Data extract:

---

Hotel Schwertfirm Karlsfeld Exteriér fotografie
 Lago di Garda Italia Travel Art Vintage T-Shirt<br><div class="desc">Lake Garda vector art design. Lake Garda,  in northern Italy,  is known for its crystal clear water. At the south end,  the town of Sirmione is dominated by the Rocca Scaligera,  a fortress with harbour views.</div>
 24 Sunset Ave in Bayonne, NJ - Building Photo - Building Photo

---

Copy out only the lines from the one containing "Lago di Garda" down to the last line of the material, keeping both ends.

 Lago di Garda Italia Travel Art Vintage T-Shirt<br><div class="desc">Lake Garda vector art design. Lake Garda,  in northern Italy,  is known for its crystal clear water. At the south end,  the town of Sirmione is dominated by the Rocca Scaligera,  a fortress with harbour views.</div>
 24 Sunset Ave in Bayonne, NJ - Building Photo - Building Photo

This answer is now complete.